The Confidence Gap: Why People Don’t Buy Where They Don’t Know, And How Veted Closes It
Cross-border buyers were 45% of European residential deals in 2025, yet most people still will not buy where they do not know the players. The data on why, and how pooling the checks into one place closes the gap.
People buy property where they know people. They use the agent a friend recommends, the lawyer who handled a colleague’s purchase, the builder their neighbour vouches for. The single biggest barrier to buying somewhere new is rarely the money. It is the absence of those relationships, and the confidence they quietly provide.
The market data makes the gap vivid. Cross-border investors accounted for roughly 45% of European residential deals in 2025, and Europe captured around 53% of all global cross-border real estate investment in the first half of the year. Demand to buy across borders is enormous. Yet on the individual level, most people still hesitate to commit in a place where they do not know who to trust.
What the confidence gap actually is
It is information asymmetry, dressed up as gut feeling. In your home town you have years of accumulated, mostly invisible knowledge: which agencies are sharp, which trades cut corners, what a fair price looks like, which registry to check. Move one country over and all of that resets to zero. The property might be perfect. You simply have no way to tell whether the people around the transaction are.
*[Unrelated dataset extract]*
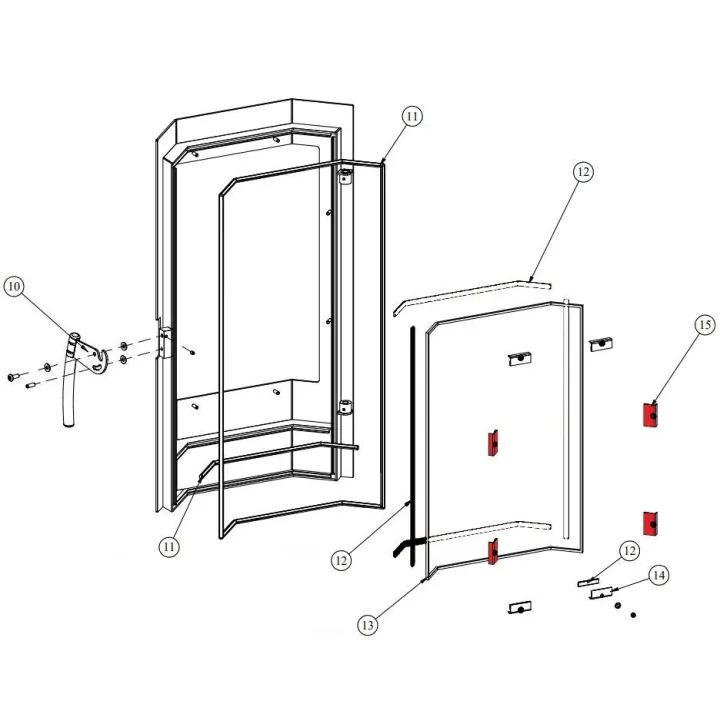 Support de vitre kit droit/gauche pour le poêle Fireplace Karthago Novo K3492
Surveys of home buyers consistently show how relationship-driven the decision is. In one national study, 54% of buyers said they would trust a local real estate agent for guidance on a purchase, and 43% leaned on family, friends, or their bank. Those are precisely the trusted sources you lose the moment you buy somewhere unfamiliar.
The cost of the gap
The confidence gap is expensive even when nothing goes wrong. It shows up as the foreign-buyer premium baked into quotes, as months of delay while people circle a decision they cannot get comfortable with, and most often as the purchase that simply never happens, the right apartment passed over because the buyer could not verify the surrounding cast of professionals.
Why pooling the resources closes it
The fix is not more listings. It is putting the verification a local would do, all in one place, for the specific city you are buying in. Veted pools the checks that an unfamiliar buyer cannot easily run alone: current licences and insurance, AI-summarised honest reviews, and the full cast of professionals, agents, lawyers, surveyors, mortgage brokers, and trades, organised by city across 24 European countries.
- A vetted directory means the licence and insurance checks are already done, against the right national registry.
- AI review summaries surface what customers actually praise and complain about, not a single number.
- Everyone you need for a purchase and a renovation sits in one place, per city, instead of scattered across forums in a language you may not read.
A practical sequence for buying where you know no one
- Start with the professionals, not the property. Line up a vetted lawyer and surveyor before you fall in love with a listing.
- Verify the agent independently against the national registry, never on their own say-so.
- Commission an independent survey, your interests and the seller’s agent’s are not aligned.
- Assemble your renovation trades before you complete, so you buy with real costs rather than optimistic ones.
Confidence is not a personality trait. It is the by-product of having done the checks. Veted exists to put those checks within reach of someone who has never set foot in the market, so the decision rests on evidence instead of nerve.